Event Summary – Linguistics in the Pub

On Wednesday April 28 2021, I led a discussion at Naughton’s, a lovely old “pub” opposite The University of Melbourne on Royal Parade. This was a Linguistics in the Pub event. Impressively, Linguistics in the Pub has been running for 10 years now. You can read about Linguistics in the Pub here and you can now (as of April 2021!) also follow the Facebook page for updates.

I was very happy to attend an in-person event for this discussion – after the heavy Melbourne lockdowns in 2020, it was refreshing to see friends and colleagues and students in person. The night started with us all having dinner and catching up. I was asked to come and tell people about our new Research Hub, so when the time came to start the discussion I chose to do a little introduction about our two main goals:

1) Change legal procedures around the use of transcripts in court (via engagement with judges);

2) Develop evidence based processes for reliable transcripts.

These are the topics that guide our Hub, which you can navigate to here.

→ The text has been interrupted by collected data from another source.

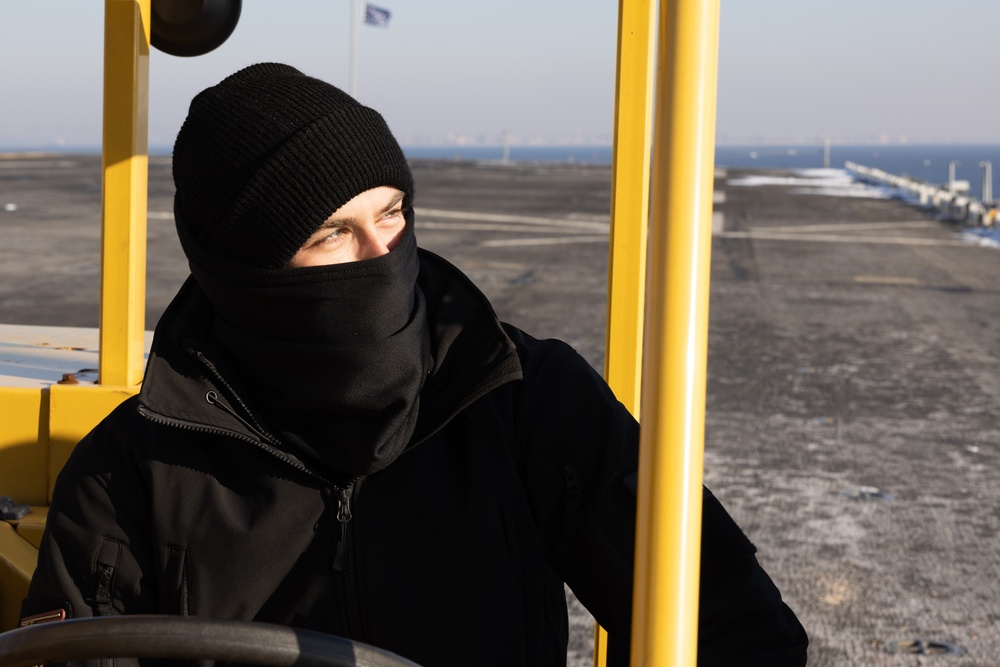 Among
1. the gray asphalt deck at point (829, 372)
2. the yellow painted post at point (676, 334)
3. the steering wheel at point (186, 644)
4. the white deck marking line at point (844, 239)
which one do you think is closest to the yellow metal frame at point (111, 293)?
the steering wheel at point (186, 644)

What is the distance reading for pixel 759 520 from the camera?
468cm

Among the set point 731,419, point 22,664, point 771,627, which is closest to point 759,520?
point 731,419

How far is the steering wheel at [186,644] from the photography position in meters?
1.01

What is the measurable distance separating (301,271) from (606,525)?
1.74 feet

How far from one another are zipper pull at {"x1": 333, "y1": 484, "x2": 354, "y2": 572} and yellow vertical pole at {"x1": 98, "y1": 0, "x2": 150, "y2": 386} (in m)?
0.98

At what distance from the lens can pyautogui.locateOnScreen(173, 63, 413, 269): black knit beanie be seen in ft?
4.98

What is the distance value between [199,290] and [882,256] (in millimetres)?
13496

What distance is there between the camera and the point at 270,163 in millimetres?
A: 1510

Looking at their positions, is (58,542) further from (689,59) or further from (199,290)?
(689,59)

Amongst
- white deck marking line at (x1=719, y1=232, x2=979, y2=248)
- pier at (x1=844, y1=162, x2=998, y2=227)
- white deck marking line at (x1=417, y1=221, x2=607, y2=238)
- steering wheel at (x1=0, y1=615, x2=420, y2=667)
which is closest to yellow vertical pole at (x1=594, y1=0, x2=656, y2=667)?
steering wheel at (x1=0, y1=615, x2=420, y2=667)

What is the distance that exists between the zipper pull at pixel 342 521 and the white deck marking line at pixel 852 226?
55.3 feet

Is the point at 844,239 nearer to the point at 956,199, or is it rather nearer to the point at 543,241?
the point at 543,241

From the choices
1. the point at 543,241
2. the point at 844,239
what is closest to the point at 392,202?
the point at 543,241

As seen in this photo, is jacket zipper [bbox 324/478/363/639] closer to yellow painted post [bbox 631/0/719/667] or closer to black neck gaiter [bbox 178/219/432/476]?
black neck gaiter [bbox 178/219/432/476]
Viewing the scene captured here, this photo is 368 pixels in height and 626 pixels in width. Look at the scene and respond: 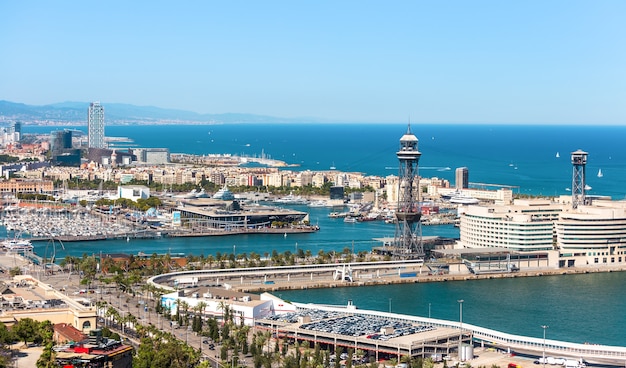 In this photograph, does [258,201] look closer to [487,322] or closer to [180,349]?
[487,322]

I mentioned to everyone that as I am a phonetician, probably a lot of my examples would be about phonetics – I had actually given a lecture the same day talking about forensic phonetics and twins’ speech so that was all in the front of my mind. After we talked about the fact that it is not easy to maintain vocal disguise, my friend and collaborator Chloé Diskin-Holdaway started some discussion by mentioning a funny scene from Home Alone 2 where the main character (a child) uses a “voice changer” to imitate an adult voice and book a hotel room in New York – that gave us all a laugh (mainly because it is completely unrealistic!) and I had planned to look it up later. Here is the (very funny) scene for those interested:

For the session, I had said I would do some “mythbusting”. The main myths we talked around were:

Everyone has a unique voice
Automatic computational methods are the answer for forensic linguistics and phonetics
Linguists and other experts are not driven by preconceived ideas (“bias”)

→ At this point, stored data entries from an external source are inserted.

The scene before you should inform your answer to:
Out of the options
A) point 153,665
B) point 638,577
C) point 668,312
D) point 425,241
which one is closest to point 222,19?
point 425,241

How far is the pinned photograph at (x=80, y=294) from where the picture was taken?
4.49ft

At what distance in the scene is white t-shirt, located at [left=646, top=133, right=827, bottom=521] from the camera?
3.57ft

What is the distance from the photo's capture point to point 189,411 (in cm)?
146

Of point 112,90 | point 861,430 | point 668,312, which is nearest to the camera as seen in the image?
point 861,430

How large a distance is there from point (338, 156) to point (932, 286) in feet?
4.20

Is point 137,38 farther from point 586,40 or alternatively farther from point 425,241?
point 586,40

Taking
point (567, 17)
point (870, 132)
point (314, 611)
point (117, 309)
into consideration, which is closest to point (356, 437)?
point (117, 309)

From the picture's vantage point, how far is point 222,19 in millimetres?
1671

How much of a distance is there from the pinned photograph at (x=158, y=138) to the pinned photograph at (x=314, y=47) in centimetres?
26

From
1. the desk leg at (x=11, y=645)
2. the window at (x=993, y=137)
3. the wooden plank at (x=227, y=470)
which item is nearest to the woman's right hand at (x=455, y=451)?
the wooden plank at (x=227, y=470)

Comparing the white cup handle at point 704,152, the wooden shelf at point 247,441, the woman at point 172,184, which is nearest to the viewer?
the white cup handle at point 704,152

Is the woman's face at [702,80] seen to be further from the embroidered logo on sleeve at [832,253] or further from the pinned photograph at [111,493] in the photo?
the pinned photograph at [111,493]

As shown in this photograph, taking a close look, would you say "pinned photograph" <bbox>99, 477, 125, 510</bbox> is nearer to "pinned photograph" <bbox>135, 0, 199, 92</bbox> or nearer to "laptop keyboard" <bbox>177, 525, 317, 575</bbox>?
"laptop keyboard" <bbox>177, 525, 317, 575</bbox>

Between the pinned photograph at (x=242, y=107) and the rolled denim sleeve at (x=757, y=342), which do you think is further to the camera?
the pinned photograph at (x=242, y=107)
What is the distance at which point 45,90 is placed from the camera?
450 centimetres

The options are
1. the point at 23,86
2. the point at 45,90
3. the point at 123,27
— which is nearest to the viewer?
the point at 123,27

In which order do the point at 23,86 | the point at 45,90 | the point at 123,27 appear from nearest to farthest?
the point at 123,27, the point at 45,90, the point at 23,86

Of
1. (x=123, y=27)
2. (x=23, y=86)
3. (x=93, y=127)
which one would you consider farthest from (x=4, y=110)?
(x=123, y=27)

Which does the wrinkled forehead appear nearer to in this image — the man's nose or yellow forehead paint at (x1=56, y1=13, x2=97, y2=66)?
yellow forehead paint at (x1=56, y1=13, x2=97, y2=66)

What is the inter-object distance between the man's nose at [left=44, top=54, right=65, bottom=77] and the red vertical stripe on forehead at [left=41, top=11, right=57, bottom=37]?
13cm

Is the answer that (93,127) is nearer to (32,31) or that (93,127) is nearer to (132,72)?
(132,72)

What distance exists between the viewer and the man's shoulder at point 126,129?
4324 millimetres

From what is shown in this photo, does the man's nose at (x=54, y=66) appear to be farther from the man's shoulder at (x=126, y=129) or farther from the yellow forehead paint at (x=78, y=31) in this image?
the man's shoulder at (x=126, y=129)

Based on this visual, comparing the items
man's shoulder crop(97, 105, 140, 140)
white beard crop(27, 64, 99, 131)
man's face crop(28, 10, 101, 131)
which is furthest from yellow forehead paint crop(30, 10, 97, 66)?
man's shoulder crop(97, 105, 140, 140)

Myth 1: Everyone has a unique voice

We talked about the fact that instinctively it feels like people we know have a unique voice – for example we can generally tell when we hear the voice of a friend or family member on the phone. So popular opinion would probably agree with the assertion that people have unique voices, but for the purposes of forensic phonetics (and forensic speaker comparison) it is safer to assume that, no, people do not have completely unique voices. In the current state of knowledge, we cannot compare two speech samples and say, purely on the basis of their voices, that they are definitely from the same speaker. My take away message on this myth is that it is safer to assume, for forensic purposes, that voices are not unique. Voices are not like fingerprints or DNA.

As I mentioned in an earlier blog post I did my PhD on twins’ speech, and so I explored this topic in detail with some references to twin research – twins really challenge the notion of individual differences in speech (and whether they are quantifiable to a reliable degree). In fact, in some cases, non-identical twins may have voices that are quantifiably more similar to each other than are the voices of identical twins – it really depends on the speakers and their situation, and which variable(s) are being looked at. I told people about a great study I have read recently in the Journal of Phonetics by Donghui Zhuo and Peggy Pik Ki Mok. It is about individual differences in the speech patterns of bilingual twins. There are other points about twins’ speech in the link to my earlier blog post at the top of this paragraph, but I highly recommend reading this one!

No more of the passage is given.